- _PROVIDED DATA_

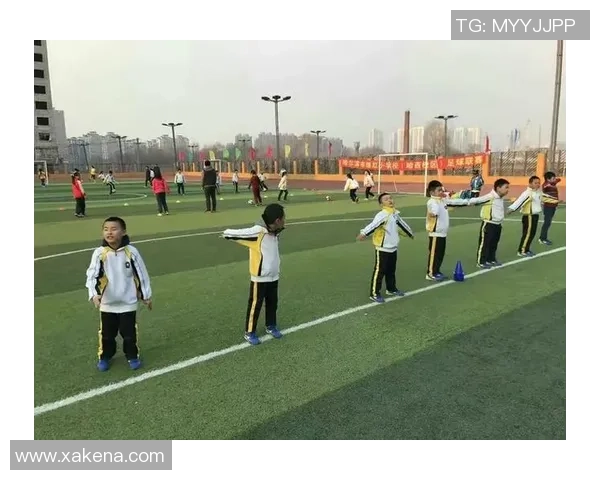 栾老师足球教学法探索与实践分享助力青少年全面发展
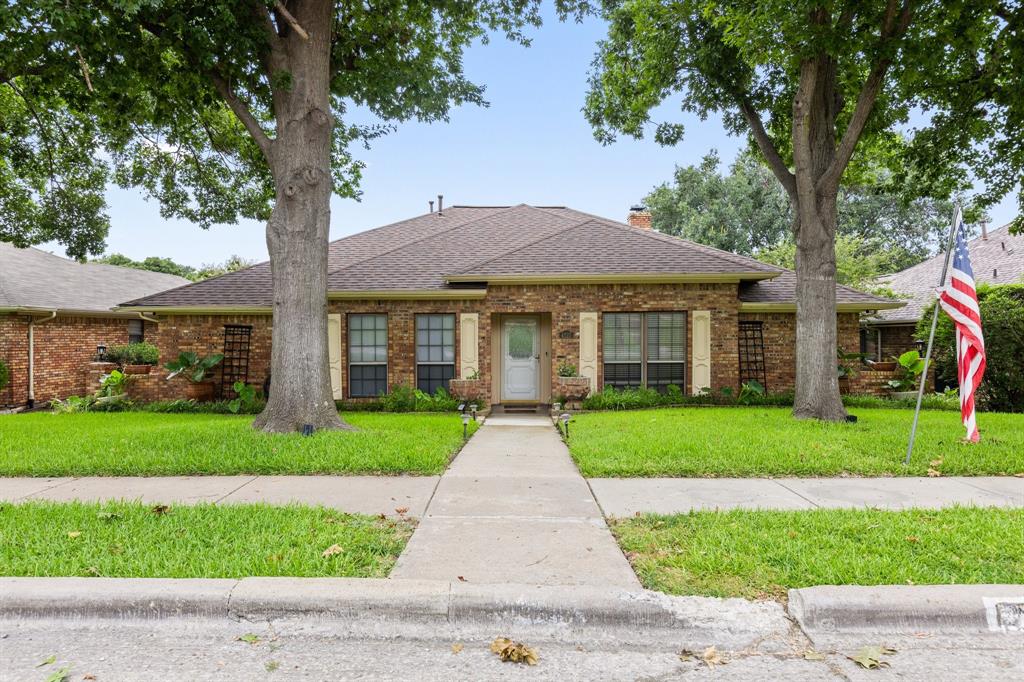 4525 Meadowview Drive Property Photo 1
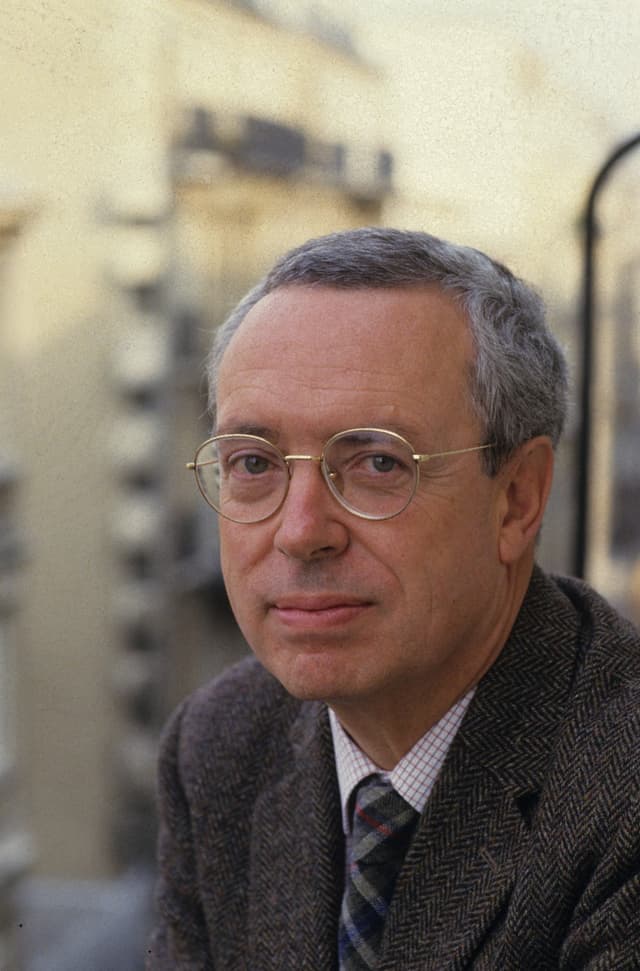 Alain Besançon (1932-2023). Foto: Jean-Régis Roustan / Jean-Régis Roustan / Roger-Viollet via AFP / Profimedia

- _WHAT IS EXPECTED_
Restating the data word for word is the task, and pictures are to be omitted.

- _RESULT OF THE EXERCISE_
 栾老师足球教学法探索与实践分享助力青少年全面发展
 4525 Meadowview Drive Property Photo 1
 Alain Besançon (1932-2023). Foto: Jean-Régis Roustan / Jean-Régis Roustan / Roger-Viollet via AFP / Profimedia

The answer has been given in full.